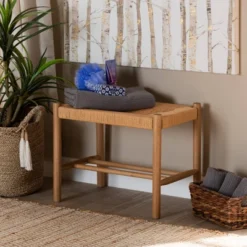Saura Wood Hemp Accent Bench Oak Brown - Baxton Studio -Baxton Studio GUEST d4a99fd3 3dda 470e 931a ab7a2c6c9a13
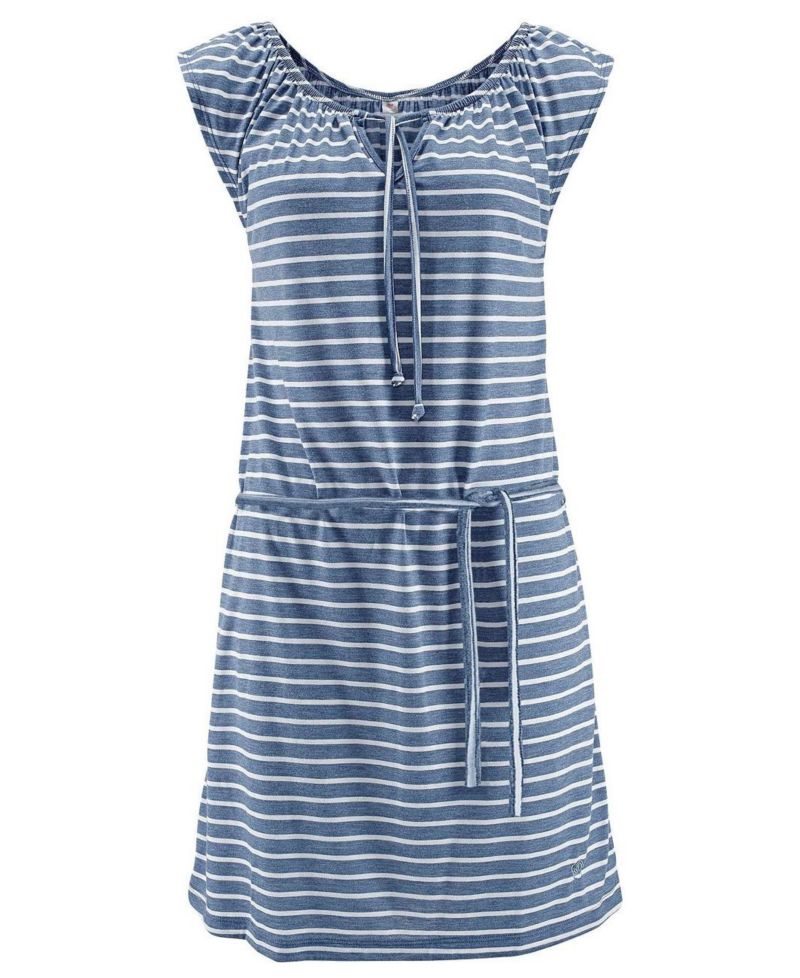 Women's Striped Tie Neckline Notch-Neck Tie-Waist Short Dress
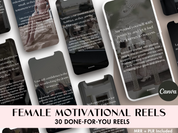 Cover image for the 30 Done-For-You Female Motivational Instagram Reels, highlighting various empowering messages and positive affirmations.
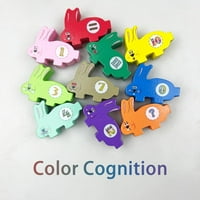 Sigurnosna beba koja se postavlja igračka za slaganje - drveni šareni zečji zečji rani edukativni bilans blokira igračke boje za prepoznavanje boja za malim mjesecima i iznad djece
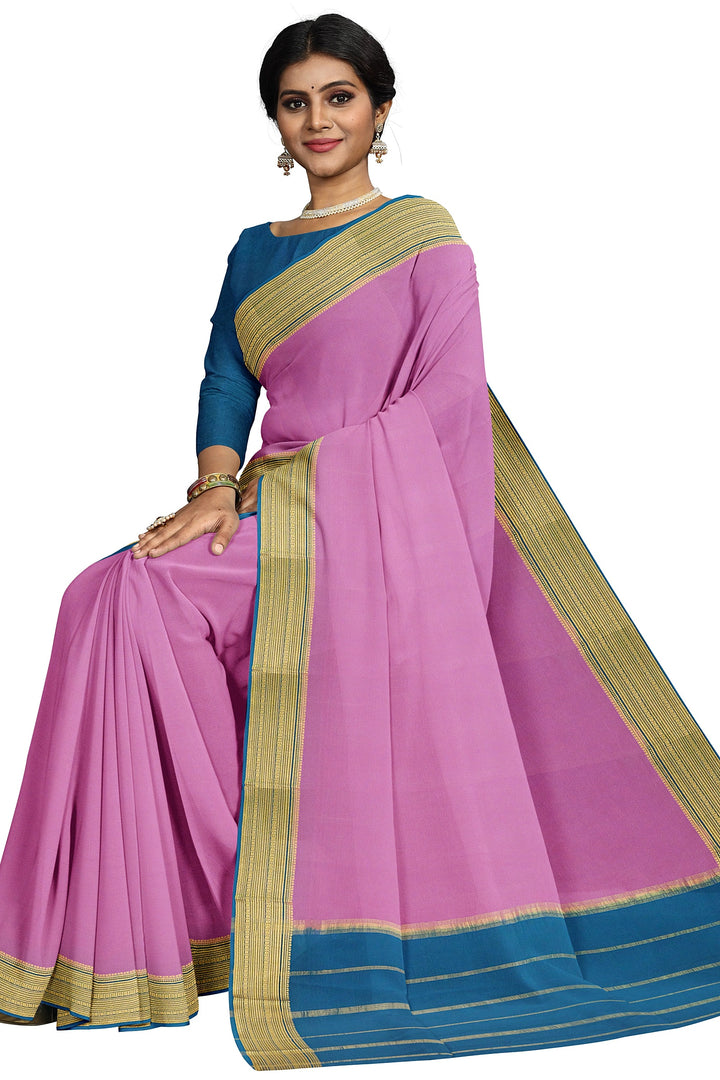 Lilac Pure Mysore Crepe Silk  | SILK MARK CERTIFIED colour difference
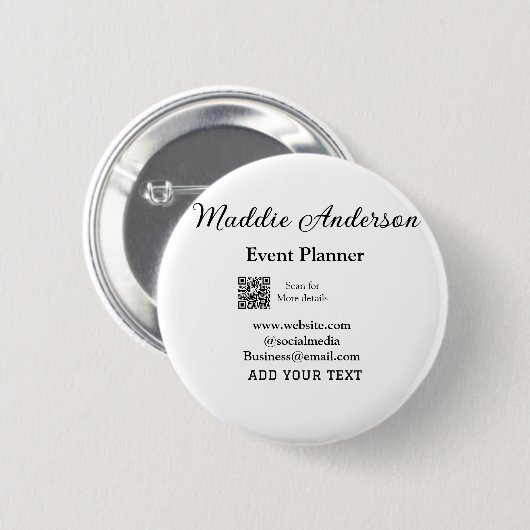 Evenementenplanner naam toevoegen Q R code details Ronde Button 5,7 Cm (Voorkant /achterkant)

• • •

• What is being asked
Repeat the whole listing above word for word, but keep any picture out of it.

• Task response
Saura Wood Hemp Accent Bench Oak Brown - Baxton Studio -Baxton Studio GUEST d4a99fd3 3dda 470e 931a ab7a2c6c9a13
 Women's Striped Tie Neckline Notch-Neck Tie-Waist Short Dress
 Cover image for the 30 Done-For-You Female Motivational Instagram Reels, highlighting various empowering messages and positive affirmations.
 Sigurnosna beba koja se postavlja igračka za slaganje - drveni šareni zečji zečji rani edukativni bilans blokira igračke boje za prepoznavanje boja za malim mjesecima i iznad djece
 Lilac Pure Mysore Crepe Silk  | SILK MARK CERTIFIED colour difference
 Evenementenplanner naam toevoegen Q R code details Ronde Button 5,7 Cm (Voorkant /achterkant)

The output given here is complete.